“In some senses, the idea is a very old one,” says Ian Foster, the director of the Computation Institute at the University of Chicago’s Argonne National Laboratory in Chicago, Ill., and considered by most in the field to be the “father of the grid.” “When the Internet first appeared in the late 1960s, some people talked about how you might be able to create computing utilities. But it was with the emergence of high-speed networks in the early 1990s that people really started looking seriously at how you could link systems together.”
Not surprisingly with such an amorphous concept, there’s some confusion about a clear definition of the term “grid computing.” Foster suggests that the best way to think about it is as a set of technologies that closely dovetail with other similar sets of technologies. “It’s really a continuum from the tightly-coupled parallel machines, like IBM’s Blue Gene, to clusters, and then collections of clusters and, in the sciences and some large companies, national-scale grids that link clusters and other systems at many sites.”
Economy and Scale
Grid computing works especially well for repetitive jobs — calculations that need not be made in parallel, but instead can be made sequentially. Purdue University (West Lafayette, Ind.) CIO Gerard McCartney, who oversees a grid of 6,001 Linux, Windows, Solaris and Macintosh machines that talk to each other using the University of Wisconsin’s Condor grid middleware, says one Purdue faculty member grabs images of viruses from an electron microscope, and then processes the images using the grid. “He could do this on a mainframe that costs millions of dollars. Our way, he essentially does it for free.”
While cost savings are an important argument in favor of grid computing, the time element may be even more important.
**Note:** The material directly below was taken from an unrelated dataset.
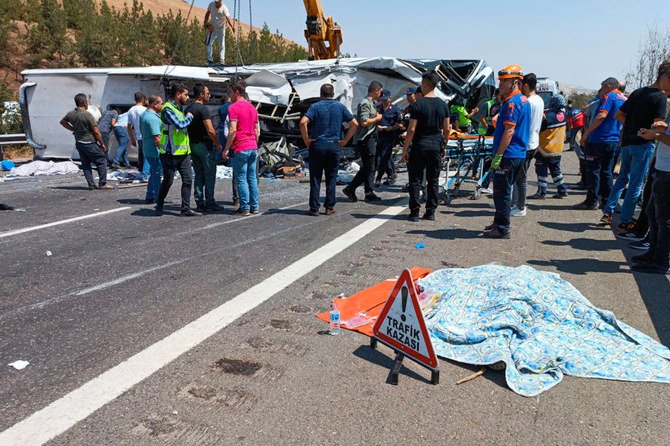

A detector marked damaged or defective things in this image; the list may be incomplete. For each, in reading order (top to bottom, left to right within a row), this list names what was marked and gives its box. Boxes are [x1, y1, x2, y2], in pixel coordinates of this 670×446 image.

overturned bus [19, 58, 498, 161]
McCartney, who contends that most computers, even when in use, utilize only 20 percent or so of their capacity, cites the case of a materials scientist at Rice University who uses the Purdue grid to analyze zeolite structures. In one day, says McCartney, he may use a CPU year of computation running “fairly small calculations that have to happen thousands of times.” Midway through 2007, he’d already used three million hours of computing time, at very little cost. “These are all waste cycles. That’s the point,” says McCartney.
There are few infrastructure requirements for grid computing. Networking capability, of course, is essential, as is the middleware that enables the machines to distribute tasks intelligently. Foster’s Argonne Laboratory, with support from IBM, developed the open-source Globus software, which, he says, “addresses security, data movement, job submission, data replication” and other challenges for large grids. Other popular middleware offerings include the Sun Grid Engine (SGE) and Condor. This software is platform-independent and has the advantage, says McCartney, of being a “lightweight installation — you’re not hiring a cadre of systems programmers to make this happen.”
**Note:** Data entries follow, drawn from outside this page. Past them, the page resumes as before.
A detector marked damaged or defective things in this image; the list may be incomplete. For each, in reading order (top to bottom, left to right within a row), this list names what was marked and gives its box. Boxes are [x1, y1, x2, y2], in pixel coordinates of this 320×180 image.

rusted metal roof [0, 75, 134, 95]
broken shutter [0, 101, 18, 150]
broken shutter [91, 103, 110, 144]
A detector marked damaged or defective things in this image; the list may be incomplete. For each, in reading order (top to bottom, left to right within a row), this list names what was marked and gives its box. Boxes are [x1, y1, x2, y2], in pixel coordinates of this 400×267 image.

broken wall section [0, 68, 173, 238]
Finally, emphasizes Cheryl Doninger, the R&D director of the enterprise computing infrastructure unit at SAS in Cary, N.C., the software actually using the grid — what’s visible on the individual user’s desktop — has to be grid-enabled. She says that SAS added grid capabilities to its software offerings a year and a half ago.
Expanding the Grid
Grid computing is starting to catch on in many enterprises. It is already being used extensively in the financial services, oil and gas, insurance and pharmaceutical industries. Meanwhile, says Doninger, telcos, the travel industry and the entertainment sector, are quickly adopting the technology.
“You can’t really pick an area [of the enterprise] that’s amenable to grid computing,” says McCartney. But, he adds, you can isolate the best uses for the grid. “Science applications work nicely in this environment, Parameter sweeps, statistical analyses and digital rendering also work well.”
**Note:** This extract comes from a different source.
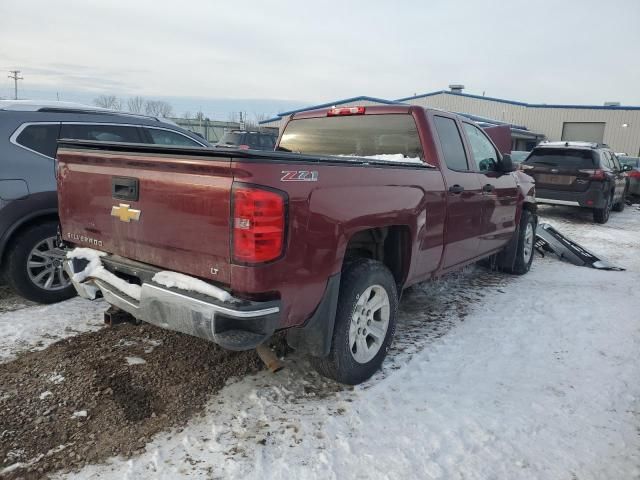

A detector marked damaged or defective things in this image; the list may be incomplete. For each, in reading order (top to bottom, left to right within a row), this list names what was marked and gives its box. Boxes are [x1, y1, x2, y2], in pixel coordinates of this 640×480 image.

damaged rear bumper [64, 255, 280, 348]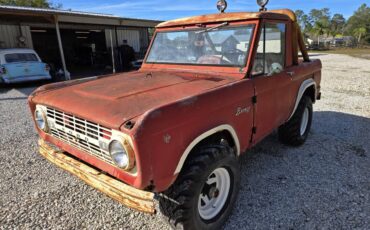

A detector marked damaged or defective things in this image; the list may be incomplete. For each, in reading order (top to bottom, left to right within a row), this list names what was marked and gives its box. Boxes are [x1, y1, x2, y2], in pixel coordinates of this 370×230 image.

Any area of the enterprise that needs lots of computing power, and fast, can benefit. Payroll departments can use the grid to help churn out thousands of paychecks overnight, and then forget about the grid the rest of the time. Programmers at SAS use the grid at night — when they have to quickly process the latest source code builds.
With relatively small initial expenditures, grid computing can enable enterprises to realize extraordinary gains in computing power and efficiency. And in the medium and long term, they can save money. “Grid can run on low-cost commodity and open source operating systems,” says Doninger. “We talk [to our customers] about savings, and a lot of times that’s why they’re starting to look at grid — because of the hardware savings it can bring.”